Sacrament or sacrilege? Wearing a vintage Charles James on the red carpet is a risky venture. It is not the same as wearing vintage Valentino as Anne Hathaway, Julia Roberts and the Jennifers (Garner, Lopez, etc.) have, or even vintage Balmain a la Penelope Cruz at the 2009 Oscars. It took a generous dose of chic and a healthy amount of forethought for Marisa Tomei to wear Charles James’ deep navy blue, silk satin and tulle gown. As Tomei reveled in a red carpet interview that the c.1950 evening dress from Lily et Cie in Los Angeles has been hanging in her closet and that she’s been “waiting to wear it.” Charles James is not a designer that one can just throw on with an insouciance shoulder shrug and a “What? This old thing?” attitude.

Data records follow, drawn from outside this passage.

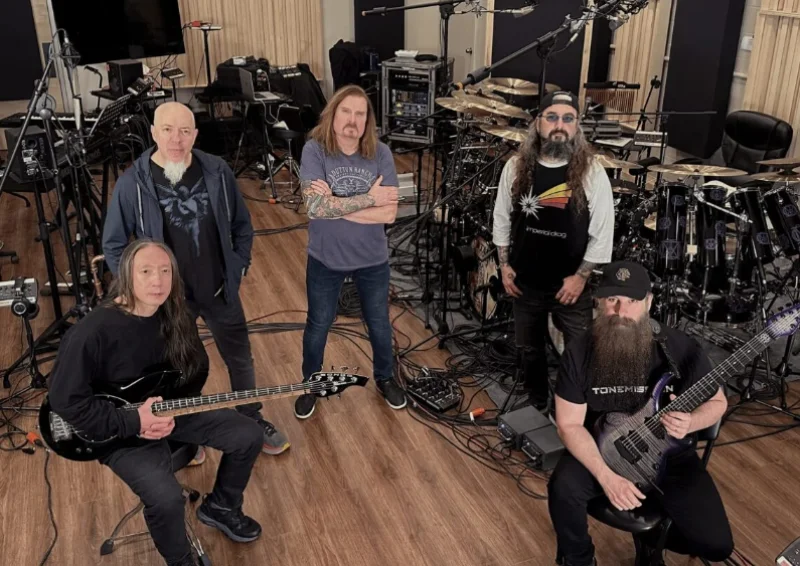 O Retorno Triunfal de Mike Portnoy: Dream Theater Anuncia Turn de 40 Anos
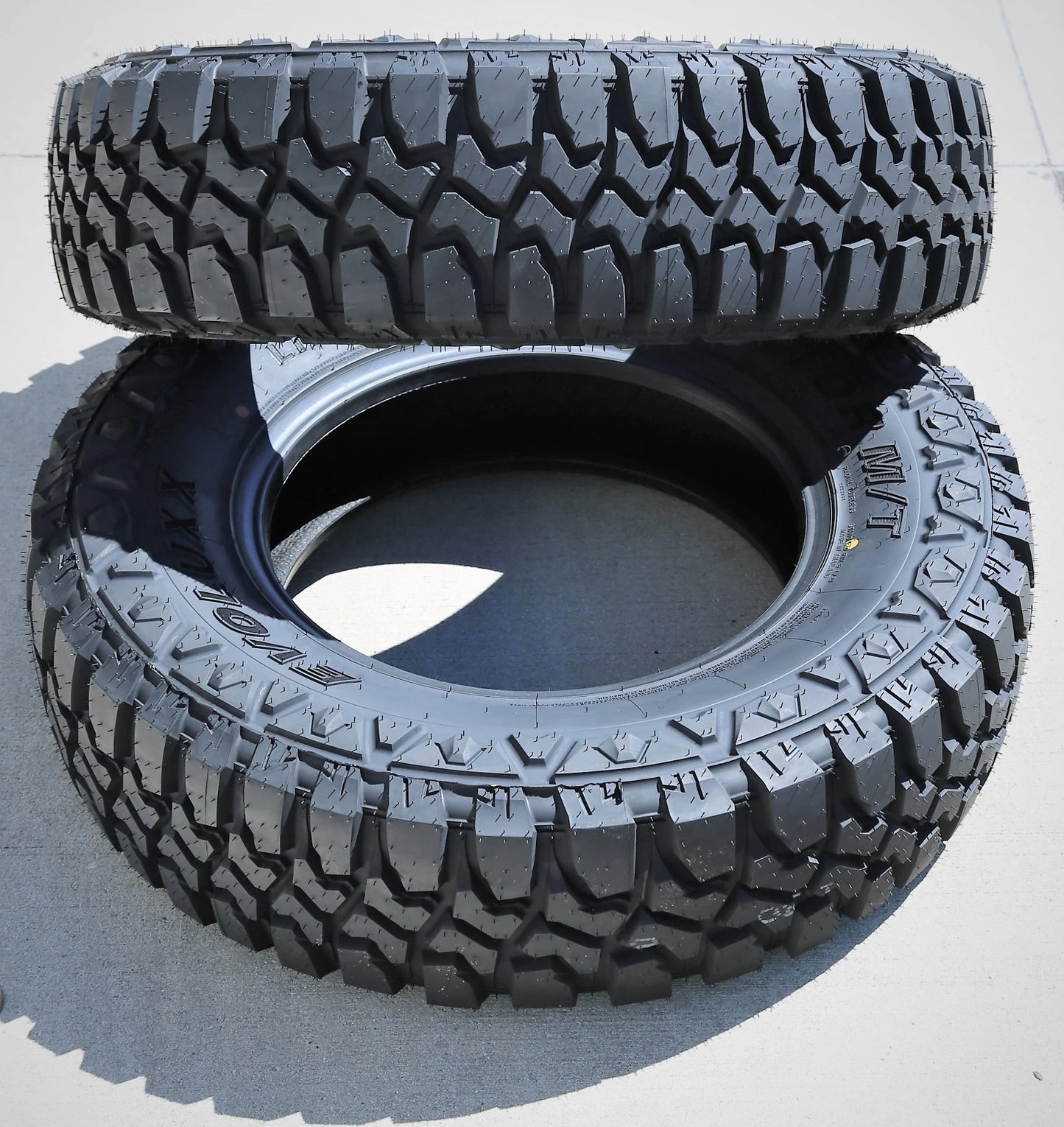 2 Tires Evoluxx Rotator M/T LT 305/70R16 Load E 10 Ply MT Mud
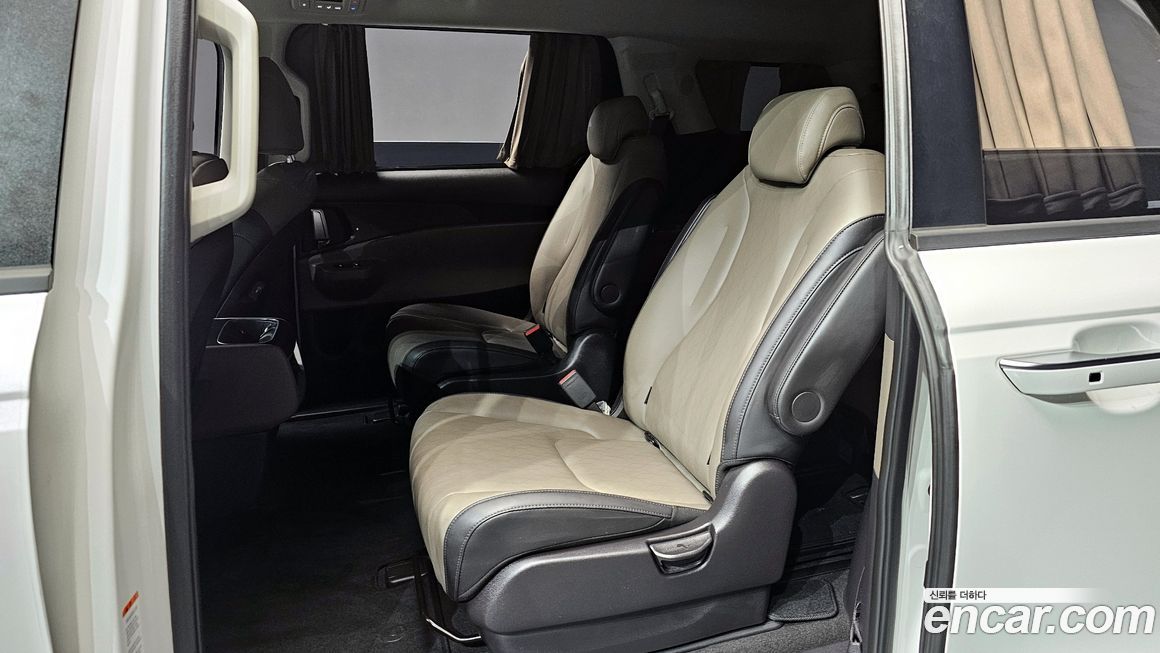 Kia Canival 2025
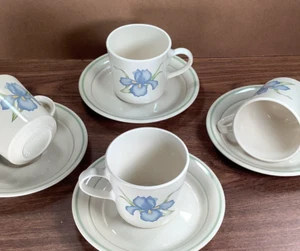 Corelle IRIS Cups & Saucers Cornerstone 4 Sets Ridged Blue Flower Green On Beige - Picture 1 of 12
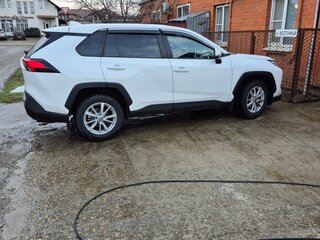 2020 Toyota RAV4 V (XA50), белый, 3050000 рублей, вид 3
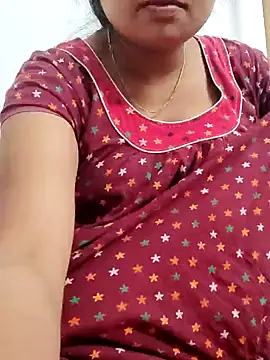 Snapshot of Priya_2222 chatting on 12.10.24 Priya 2222 online show from 12.10.24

Charles James’s garments are statement pieces, known for the sculptural quality and their architectural construction. Originally worn by style setting socialites like Millicent Rogers and Babe Paley, and artists like Lee Krasner, they are considered revered works of art by museum collections and fashion historians, who spend hours concocting storage devices such as special padded hangers and engineered containers to preserve the fluidity of James’s construction. As I was not yet born during James golden era which lasted from the 1930’s to the 1960’s, I had never seen one of his designs on a live body in color before. To see a Charles James in motion was both a delight to the senses and a shock to the system for those who feel that garments of such exquisite workmanship and intelligent design that have passed the half century mark should be preserved and not promenaded.

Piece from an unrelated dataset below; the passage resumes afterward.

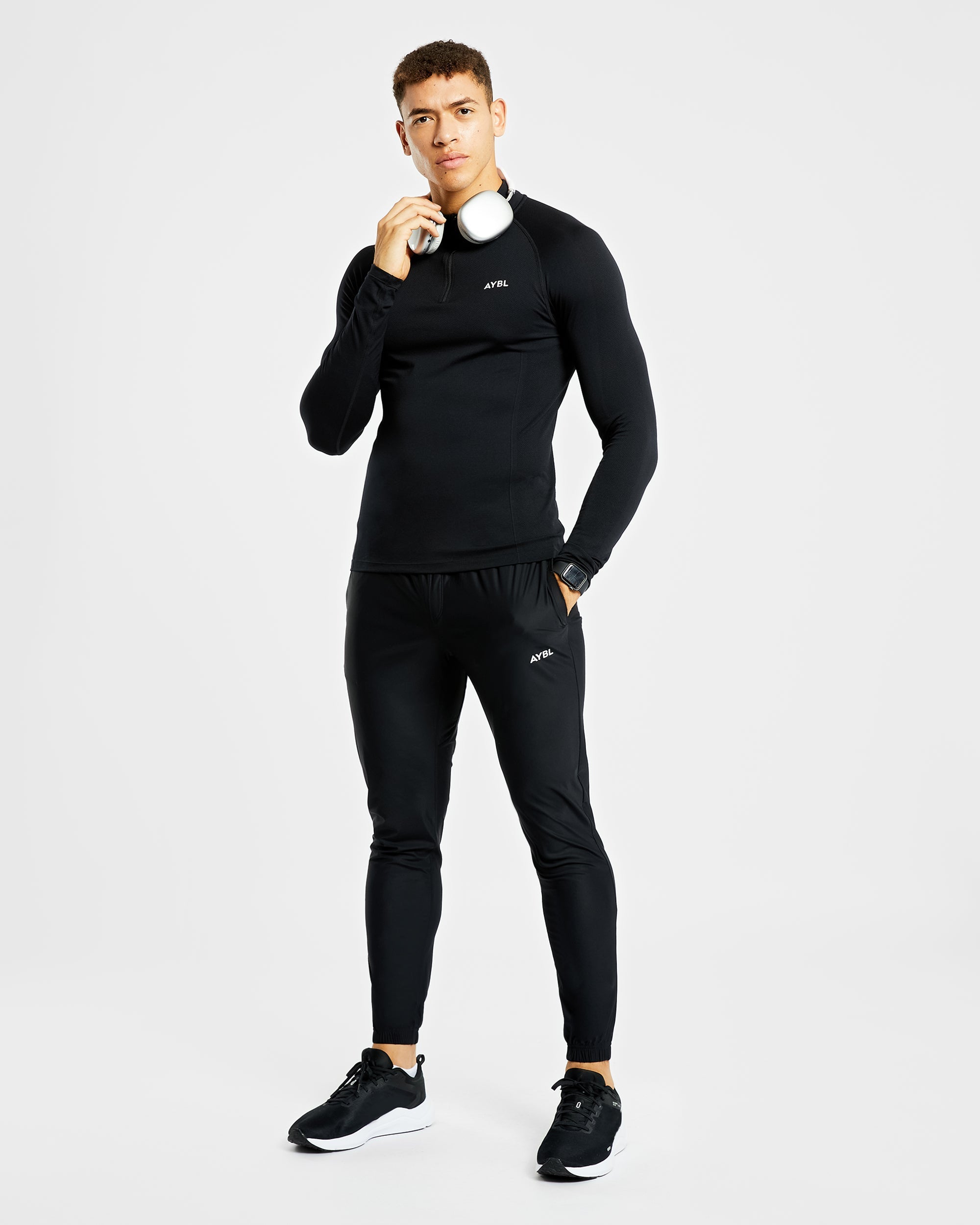 Essential Seamless 1/4 Zip Pullover - Noir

Fashion expert Tim Gunn, reporting on the red carpet, called the gown “staggering” and “an important piece of fashion history”, statements that are enthusiastic and positive, but that is also open to interpretation. One can only imagine the frisson experienced when one is faced with a living, breathing person swathed in a verifiable masterpiece of American design when one is used to seeing such art on an inanimate mannequin or dress form. It must be akin to an ardent music fan hearing for the first time a Stradivarius violin played live.

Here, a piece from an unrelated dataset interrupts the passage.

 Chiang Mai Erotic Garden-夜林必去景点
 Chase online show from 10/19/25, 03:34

While reaction to how Tomei looked in the gown seemed positive at the event, online blogs are mixed, with some Oscar fashion critics saying the gown was “too fussy and ball gown”. Others found the bodice “ill-fitted and lumpy” which does not seem likely given that the gown came from Lily et cie in Los Angeles and was most likely refitted to Tomei’s precise measurements. The mechanisms of a James design demand such a fit. A cross section of a Charles James dress reveals an elaborate support system underneath the froth and confection including a boned bodice, a petersham or waist tape, bust pads, hip pads, multiple horsehair petticoats, and most likely a tape and metal hoop skirt. It may not have been your favorite look of the night, but let’s not pass judgment on a frock before we know the full story. One suspects that what made the dress look just slightly less than perfect on the perfectly lovely actress was Tomei’s stance, otherwise known as her carriage, or her bearing. More than just good posture, it is an attitude that is projected through every movement and gesture from the top of the head to the tip of the toes. Though Tomei’s borrowed Van Cleef and Arpels jewels coordinated wonderfully with the gown, a 1950’s era haughtiness is the essential accessory to a Charles James creation. Tomei is both beautiful and stylish, but not even today’s runway models can pull off a James. At a reported 5 ft 4 to 5 ft 6 inches in height, with a bubbly smile and minimal looking make up on her face it was difficult, nay impossible, for her to channel the elegance of a Dovima or a Dorian Lee that is needed to make a Charles James truly flourish.